Video Tutorials

ARC provides a number of video tutorials on our channel on video.vt.edu. In particular, the following sequence walks a user through the fundamentals of ARC usage in less than an hour:

Accessing Software

The following videos will walk the user through accessing software that ARC has installed or through setting up your own packages:

Note that these videos require a VT Login to access. Also, each video has a table of contents that can be used to skip between sections; this can be accessed by clicking the “hamburger” (three horizontal bars) button at the top left of the video.

We are actively updating this page.

We try to make very few assumptions about the experience of the user so that videos are of value to novices and those with experience. All users of all types are welcome on ARC resources and are encouraged to use them.

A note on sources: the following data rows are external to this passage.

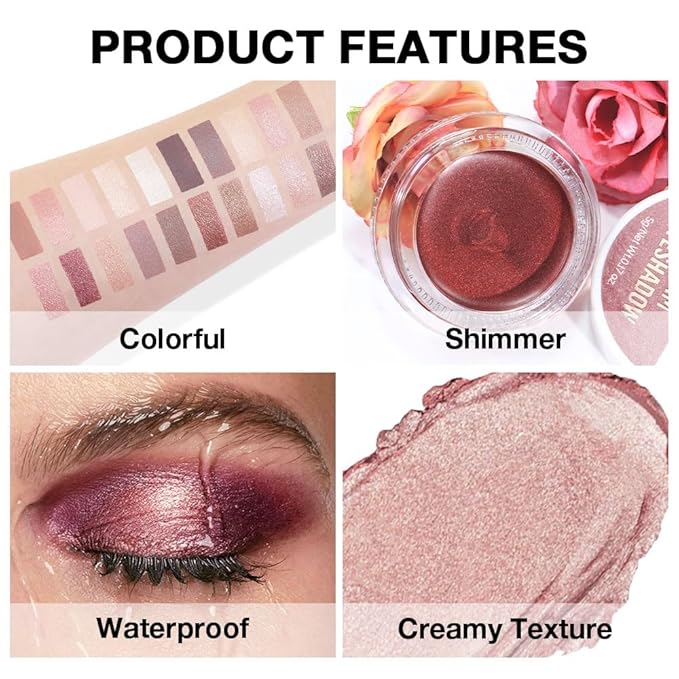 evpct Single Cream Eye Shadow Palette Pot Makeup for Older Women, Antique Rose Mauve Pearl Shimmer Glitter Metallic Monochrome Cream to Powder Eyeshadow Palette Eye Brightener, Waterproof Blendable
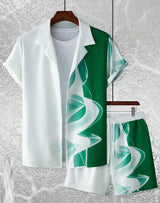 Men 3D Printed Retro Hawaiian Shirt Set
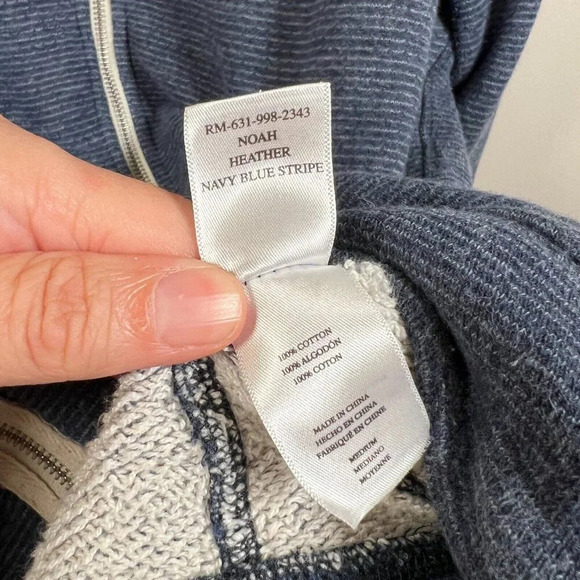 Rails Noah Pinstripe French Terry Full Zip Hoodie Sweatshirt Size Medium Lounge - Picture 10 of 11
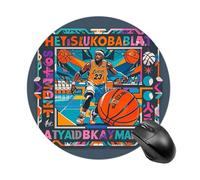 Cool Basketball Theme Round Mouse Pad with Non-Slip Rubber Base Mousepad Portable Mouse Mat Office Accessory for Gamers, Office Workers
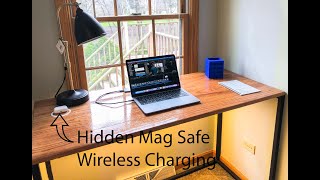 Custom Making a Desk With hidden Mag Safe Wireless Charging And LED Strip Lighting.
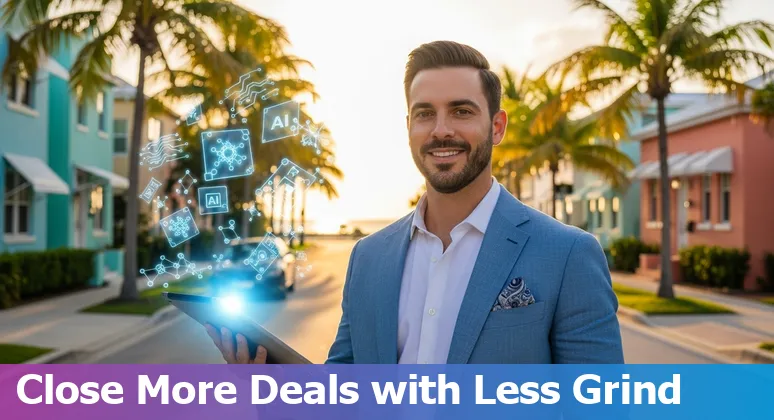 Real estate agent using AI prompts on laptop with West Palm Beach waterfront background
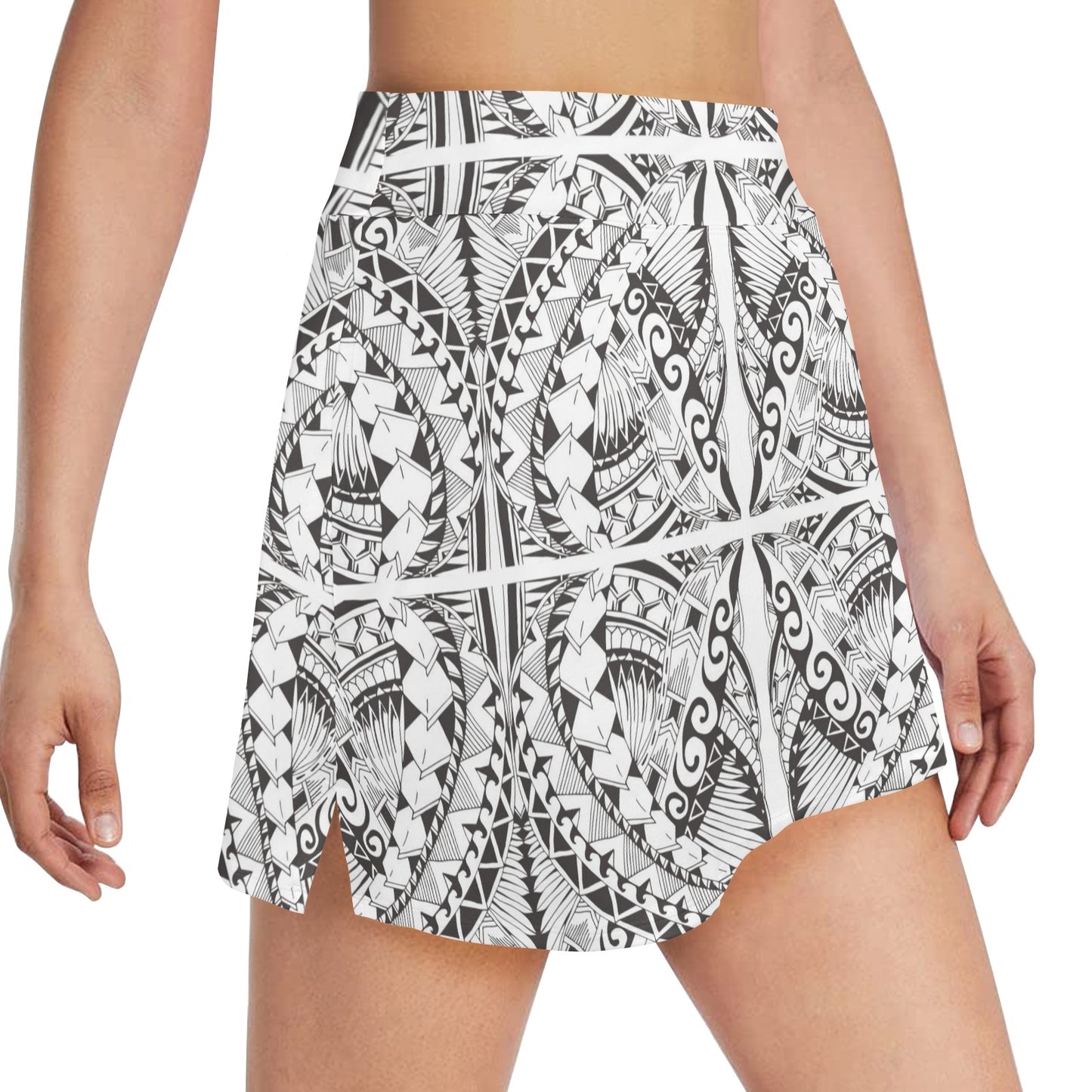 Samoan Style Print Design LKS301 17" Golf & Pickleball Skort with Pockets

We try to keep things modular so that you can pin-point the video(s) that are useful to you.

General Overview

These videos provides a general overview of use of ARC systems.

Overview of ARC systems.
- Overview of ARC systems and jobs
How to get help with and how to learn about ARC resources.
- Help and learn
A brief description of the relationship between ARC (text) documentation and ARC videos.
- Complementing ARC docs

Data on ARC Clusters: Your Data Are Not Backed Up by ARC

Data backups on ARC clusters, should you need them, are YOUR RESPONSIBILITY as a user. ARC does not back up any data on any cluster. However, there is an option to back up data (statically) for a cost.
- All data backups are a user’s responsbility; there is a cost-based option

Connecting to ARC Clusters

There are multiple ways to connect to ARC clusters.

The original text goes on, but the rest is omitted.